**Try it:** From the material below, set down exactly the lines that run from the one containing "La consejera de" to the one containing "Departamento en Alberdi 4", minus the pictures.

[[ Information provided open ]]

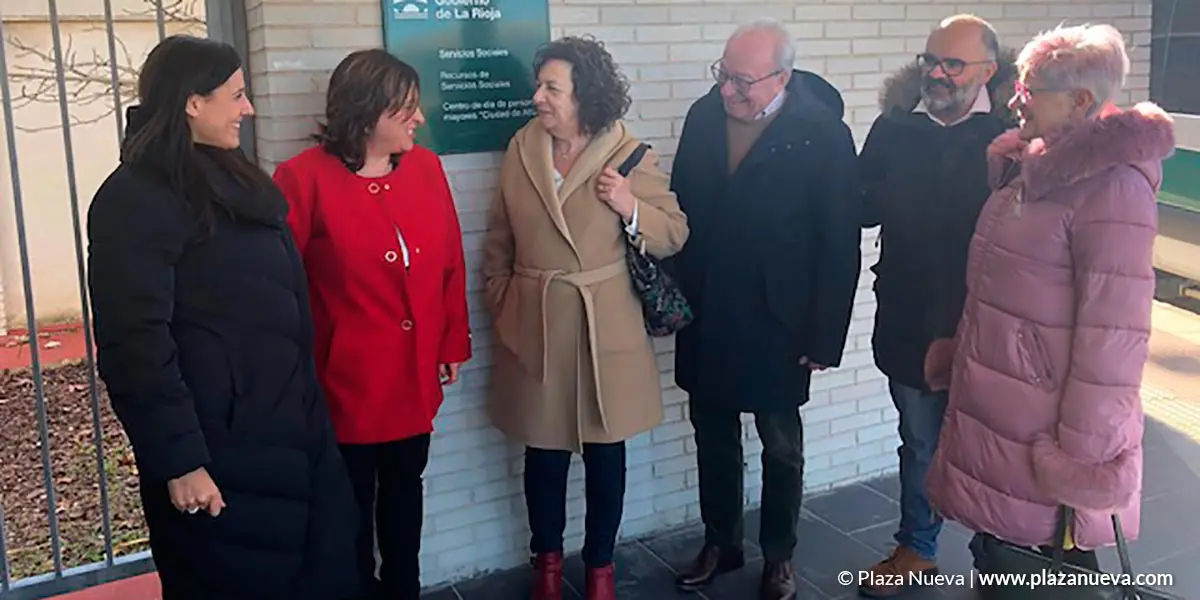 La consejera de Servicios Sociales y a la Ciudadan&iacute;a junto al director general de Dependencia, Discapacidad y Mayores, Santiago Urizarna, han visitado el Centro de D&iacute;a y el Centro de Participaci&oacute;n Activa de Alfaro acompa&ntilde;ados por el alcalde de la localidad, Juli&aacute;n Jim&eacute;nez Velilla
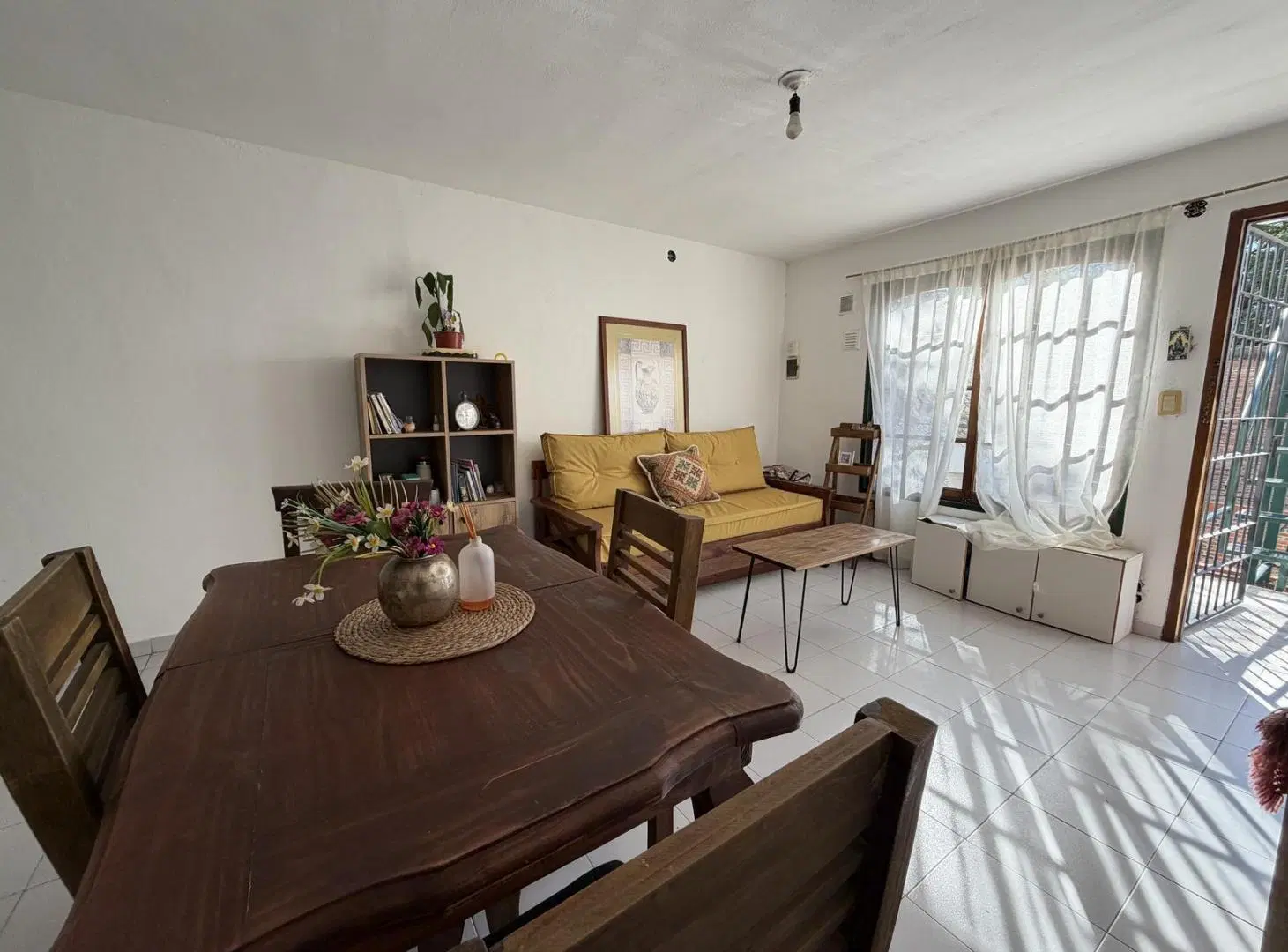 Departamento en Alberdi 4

[[ Information provided closed ]]
[[ Information provided open ]]

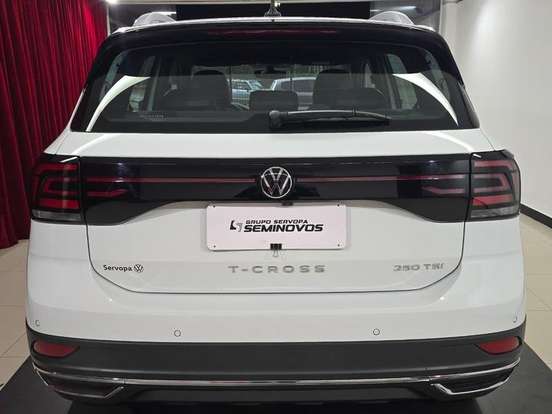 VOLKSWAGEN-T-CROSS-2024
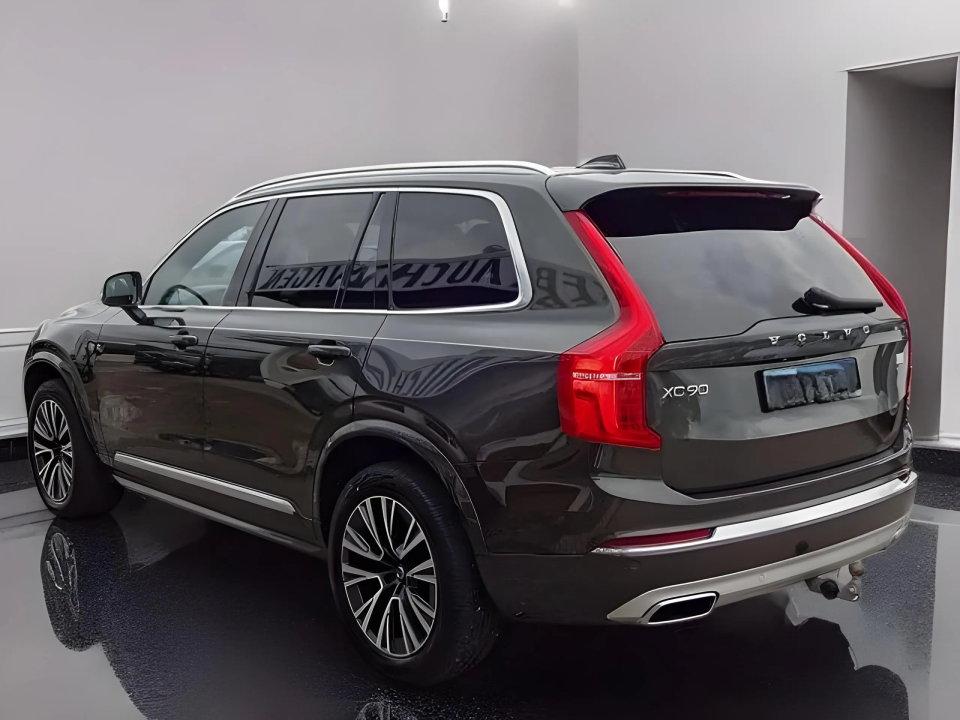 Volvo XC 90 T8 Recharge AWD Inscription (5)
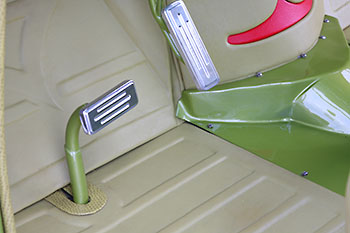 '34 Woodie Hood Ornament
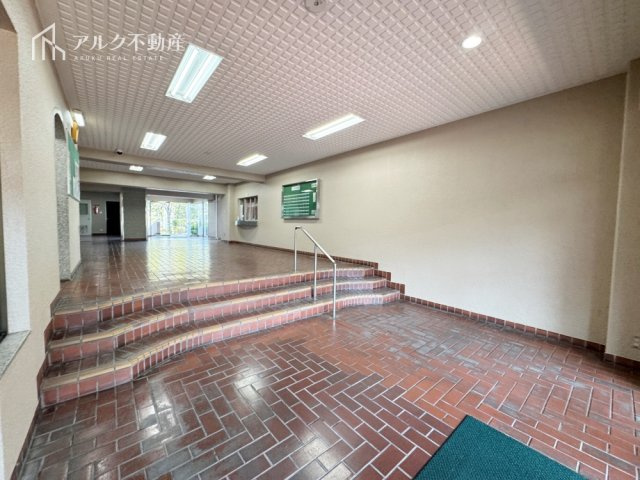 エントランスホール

[[ Information provided closed ]]
[[ Information provided open ]]

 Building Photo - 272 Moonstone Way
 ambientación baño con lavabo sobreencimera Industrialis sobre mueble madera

[[ Information provided closed ]]

**Response to this task:**
 La consejera de Servicios Sociales y a la Ciudadan&iacute;a junto al director general de Dependencia, Discapacidad y Mayores, Santiago Urizarna, han visitado el Centro de D&iacute;a y el Centro de Participaci&oacute;n Activa de Alfaro acompa&ntilde;ados por el alcalde de la localidad, Juli&aacute;n Jim&eacute;nez Velilla
 Departamento en Alberdi 4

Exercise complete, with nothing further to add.